Moderators: cheriff, Herben

Post Reply
dlanor
Posts: 258
Joined: Thu Oct 28, 2004 6:28 pm
Location: Stockholm, Sweden

Problem compiling ps2ftpd with latest IOP compiler

Post by dlanor »

As part of the LaunchELF project we have experimented with adding a built-in ps2ftpd.irx. This can be activated by programming a launch key to use the pseudo file MISC/PS2NET, and then using that key as a command. This causes the launching of various networking modules (if not already launched), including ps2ftpd. This all works fine with some versions of the ps2ftpd irx, but there is a problem in compiling that module properly.
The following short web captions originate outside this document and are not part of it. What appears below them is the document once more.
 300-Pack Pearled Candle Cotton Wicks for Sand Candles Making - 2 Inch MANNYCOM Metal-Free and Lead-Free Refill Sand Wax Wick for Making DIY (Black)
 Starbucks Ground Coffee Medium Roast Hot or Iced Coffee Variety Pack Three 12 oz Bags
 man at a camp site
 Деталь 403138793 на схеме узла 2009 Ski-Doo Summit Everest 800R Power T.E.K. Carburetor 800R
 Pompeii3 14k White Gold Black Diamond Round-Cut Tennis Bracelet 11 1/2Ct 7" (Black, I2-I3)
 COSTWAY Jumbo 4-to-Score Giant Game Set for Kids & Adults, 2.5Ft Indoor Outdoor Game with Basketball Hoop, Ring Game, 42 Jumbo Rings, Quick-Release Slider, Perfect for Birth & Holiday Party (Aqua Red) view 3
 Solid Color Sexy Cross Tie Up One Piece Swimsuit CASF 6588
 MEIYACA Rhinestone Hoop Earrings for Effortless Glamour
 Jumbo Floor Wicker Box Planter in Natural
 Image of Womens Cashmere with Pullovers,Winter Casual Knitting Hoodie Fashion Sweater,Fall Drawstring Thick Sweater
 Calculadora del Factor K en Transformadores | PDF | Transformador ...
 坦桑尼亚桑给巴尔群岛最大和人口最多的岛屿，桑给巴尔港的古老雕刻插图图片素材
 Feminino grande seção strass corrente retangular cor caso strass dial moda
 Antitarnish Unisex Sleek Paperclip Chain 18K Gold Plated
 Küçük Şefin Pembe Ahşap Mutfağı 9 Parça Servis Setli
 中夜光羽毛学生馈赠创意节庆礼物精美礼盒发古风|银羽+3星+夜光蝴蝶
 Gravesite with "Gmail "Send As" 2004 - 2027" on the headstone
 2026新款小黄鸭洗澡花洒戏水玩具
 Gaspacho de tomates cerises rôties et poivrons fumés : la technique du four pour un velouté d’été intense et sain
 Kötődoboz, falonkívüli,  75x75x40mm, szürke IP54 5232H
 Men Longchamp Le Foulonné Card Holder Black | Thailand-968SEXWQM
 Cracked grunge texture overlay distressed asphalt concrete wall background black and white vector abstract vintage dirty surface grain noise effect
If we compile it using v2.8.1 of the IOP compiler, then it works fine.
If we compile it using v3.2.2 of the IOP compiler, then transfers to memory card will malfunction, crashing somewhere in an MCMAN exception (debugging precisely where/how it happens is hard).

The file Rules.make of the ps2ftpd project indicates that an attempt has been made to adapt it to the new compiler, but this has not been fully successful (as evident from the above).

However, if I edit Rules.make so as to remove the option "-O2" from IOP_CFLAGS, then the irx compiled with v3.2.2 does work correctly. This indicates that the cause of the problem is some of the new optimization defaults in the new version of the IOP compiler.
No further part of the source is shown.